**How to complete this task:**
Set down nothing but the lines from the one containing "Dre2frr playing Just" to the final line of the material, exactly as written, and drop the pictures.

[Supplied data Boundary: Start]

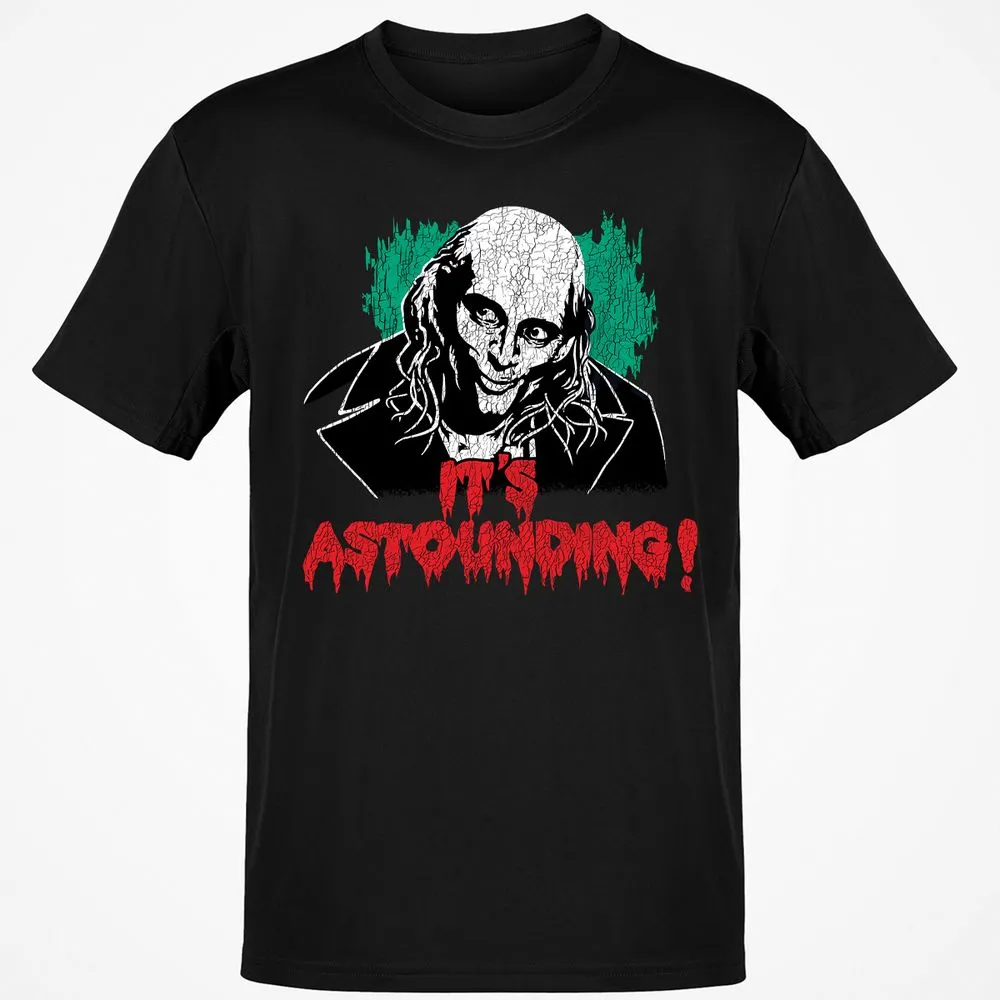 Classic Unisex T-Shirt - ERTJWN9P - Black - 1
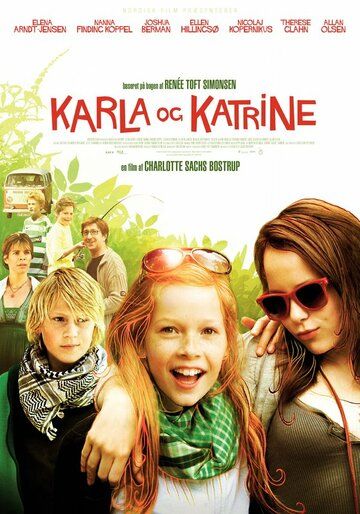 Постер фильма «Карла и Катрина»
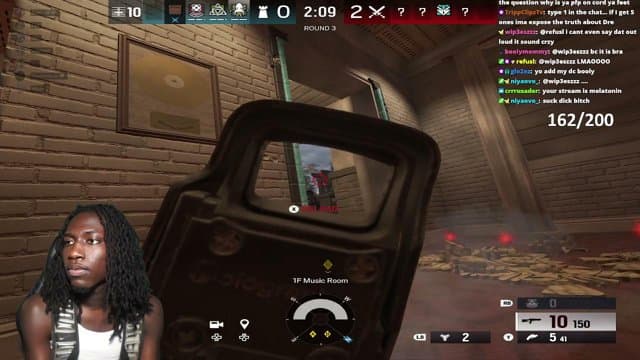Dre2frr playing Just Chatting - Live Casino Stream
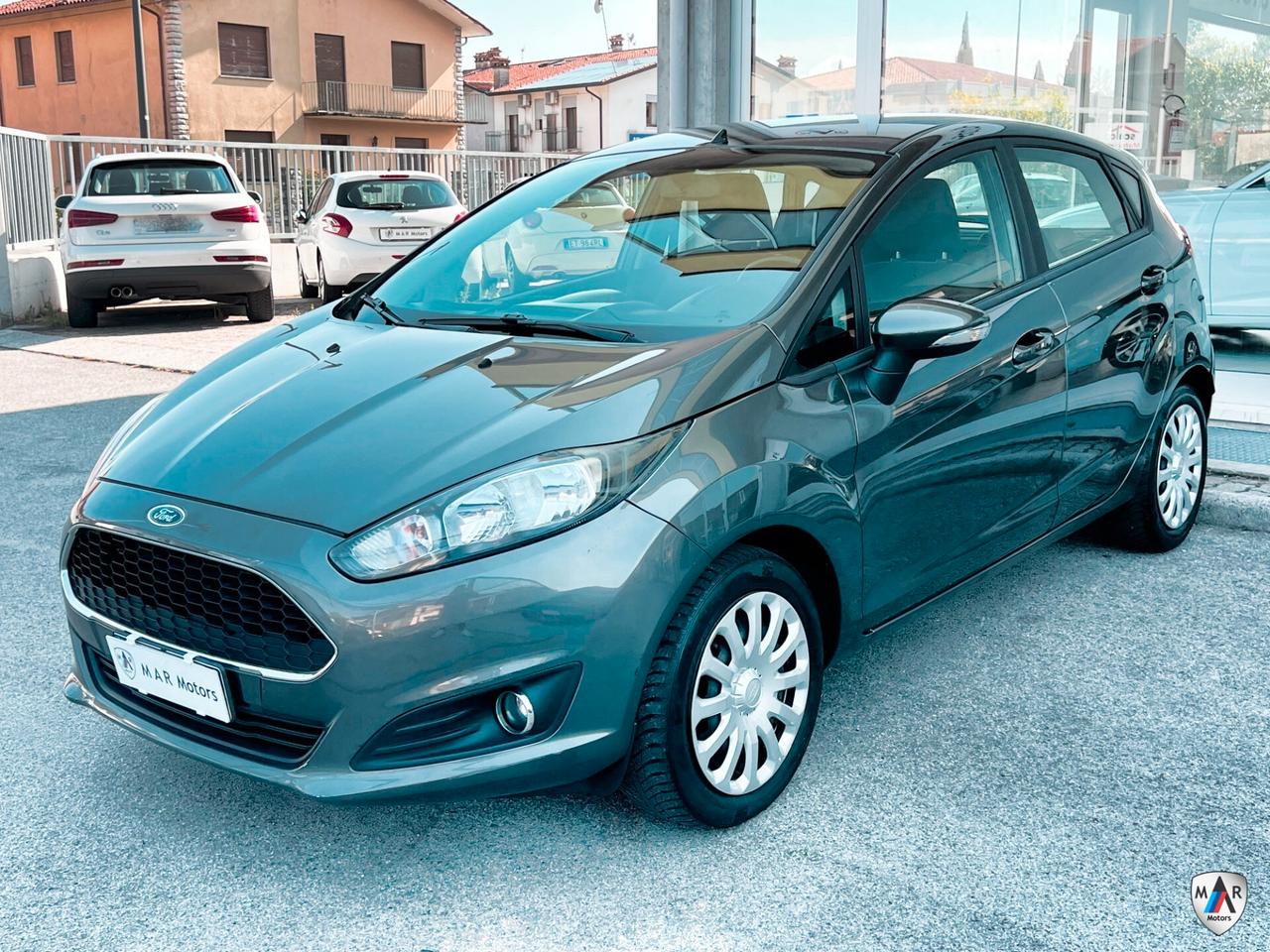 Ford Fiesta 1.5 TDCi 75CV 5porte Business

[Supplied data Boundary: End]

**Problem solution:**
Dre2frr playing Just Chatting - Live Casino Stream
 Ford Fiesta 1.5 TDCi 75CV 5porte Business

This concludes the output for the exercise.